6 September 2018
Author: The Future Laboratory
In terms of the state versus technology, I think it’s going to be fascinating to watch over the next 10–20 years as you see Millennials reach candidate age for the first time, not to mention Generation Z, who are very politically active, engaged and left-leaning. We’re going to see a radical shift in politics. Because when you look at the rise of Big Tech’s influence in the past 10 years, and its dominance of the government, a lot of that has to do, I think, with a generational issue – a basic lack of technological literacy. That came to the fore in the Cambridge Analytica investigation. Those in government have simply not been familiar with the implications of these companies and their technologies, or allowing them access to contracts and data sets.
I don’t think these companies are evil, they’re just driven towards profit without thinking about the ethical consequences. What I like is that in recent years more and more think tanks have been taking a critical look at the nuances of how devices are designed and raising awareness about how they should be changed. For example, why is IBM’s Watson – ‘the expert’ – a man and why are Alexa and Siri, who perform more menial roles, by default, women? All of these things are important to examine as this group take a bigger civic influence. This is one small detail, but it arguably normalises a lot of sexism. But, essentially, I’m not sure that any of these companies see what they’re doing as bad, or scenario-planned any negative consequences for the technologies they’re creating.

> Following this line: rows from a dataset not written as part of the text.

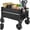Black, variant on Collapsible Wagon Cart with Wheels Foldable - Folding Utility Heavy Duty Wagons Carts for Grocery Sports Garden Shopping Camping Wheelbarrows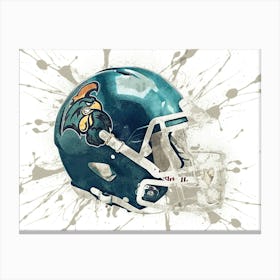 Coastal Carolina Chanticleers NCAA Helmet Poster Canvas Print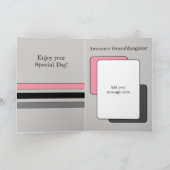 Geweldige kleindochter toevoegen foto grijs verjaa kaart (Binnen)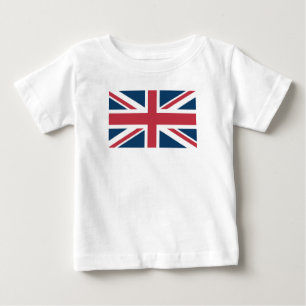 Camiseta De Bebé La bandera británica Union Jack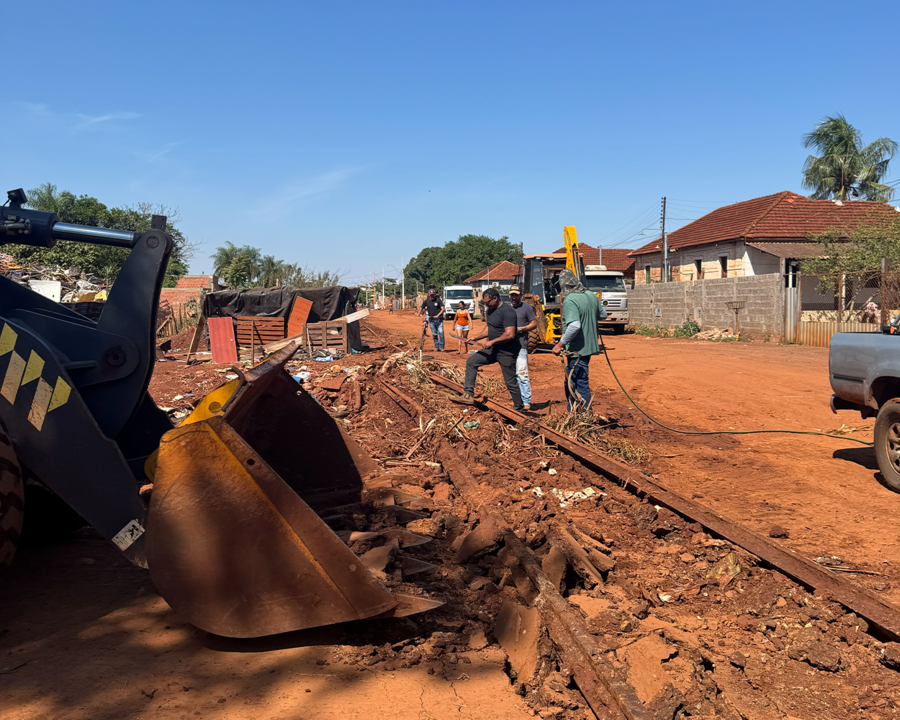 Retirada de trilhos será ampliada para todo o perímetro urbano de Sidrolândia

The government people that I spoke to had much more humility. They admitted that: ‘Yes, the government's slow. Yes, it's frustrating.’ But they also pointed out some valid issues with Big Tech replacing the state. One of the things that rang true to me was how brands such as Uber and Airbnb claim to make travel accessible, but that’s only really true for the middle class. The government is most critical when it comes to people in the far reaches of society, and even though these companies use economies of scale to make such services cheaper, they’re still not 100% solutions in most cases.